Those who were reported to have received antimalarial medicines outside the home were 39% across the survey rounds. Again, more children with danger signs received the antimalarial treatment compared with those without danger signs (aOR: 1.8; 95% CI: 1.4–2.2; P < 0.001). The use of rectal artesunate was low, with less than 1% of the children receiving the suppository over all the survey rounds.

Reported antibiotic use (from an outside health provider) was generally low, 10%, and similar across the two groups (danger sign/no danger sign) over the 3 years (aOR: 0.97; 95% CI: 0.7–1.4; P = 0.89). See Table 3 for additional information on care-seeking and treatment patterns.

Finally, treatment of diarrhea with ORS/zinc was very low throughout the study period, and only about 5% of the children with diarrhea received this medication.

DISCUSSION

This study looked at treatment-seeking patterns and treatment provided to children with and without danger signs of severe disease, to identify patterns relevant for improving management of children in rural communities in Uganda. Data from three household surveys conducted in 2018, 2019, and 2020 were used to derive and compare care-seeking and treatment patterns. The big data sets, multiple rounds, and generally consistent results across the survey rounds contributed to the strength of the results and information presented in this paper.
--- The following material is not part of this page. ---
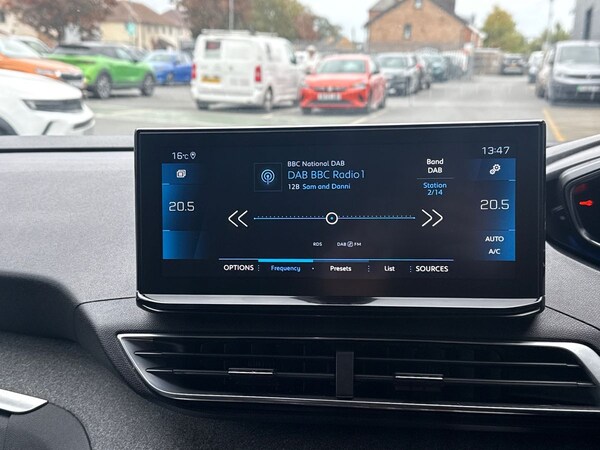 Used Peugeot 5008 2021 for sale - 76265520: Photo 18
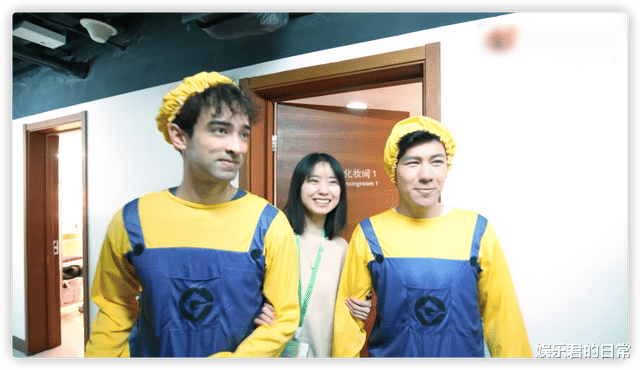 |韦唯大儿子进清华深造，颜值优越才华出众，母亲激动感叹天才辈出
Thirty percent (30.3%) of the children in this study were reported to have danger signs of severe disease. This figure is slightly higher than what has been previously reported in other studies that actually assess and report severity of symptoms in children < 5 years of age who visit CHWs, in similar settings. These studies in Burkina Faso, Nigeria, and Uganda have reported danger signs in 18% to 25% of the children.16 The higher number with danger signs in this study could be due to overinterpretation of a child’s symptoms by a caregiver as more severe than they actually are—for example, general weakness, sleepiness, and vomiting that could have been reported as vomiting all feeds. In addition, due to a lack of specificity and sensitivity of questions related to severity and frequency of vomiting, nonsevere vomiting may have been reported as “vomiting everything.”

Despite a high prevalence of reported danger signs, only half of all children (including those with danger signs) actually received care from a health provider outside their home. In addition, half of all the children were treated with medicines or remedies found at home. This is similar to findings from a treatment-seeking review that included 19 studies from Uganda that found home management of children to be a common first response in management of sick children.17 Although it is expected that caretakers should provide first aid to a sick child at home, it is possible that many of the children may not receive appropriate treatment at their homes and may also have delayed care seeking after initial remedies at home.

Other studies on treatment seeking highlight common factors that influence mothers’ healthcare-seeking behavior for their children. These include social and economic factors, particularly higher maternal education and employment status of mothers contribute to better care seeking for children.18,19 On the contrary, low economic status leading to lack of money to travel and sustain patient admission, as well as lack of immediate transport, directly contribute to poor care-seeking behavior. Other child factors such as child’s age are associated with care-seeking behavior.20 Many of these factors, especially the socioeconomic factors, are also prevalent in our study setting and may explain why care was not sought for many children in this study immediately after symptoms were recognized. There is therefore a need to address socioeconomic barriers to access to care and to increase caretaker awareness on the urgency of recognition and prompt action when danger signs of disease are present in children.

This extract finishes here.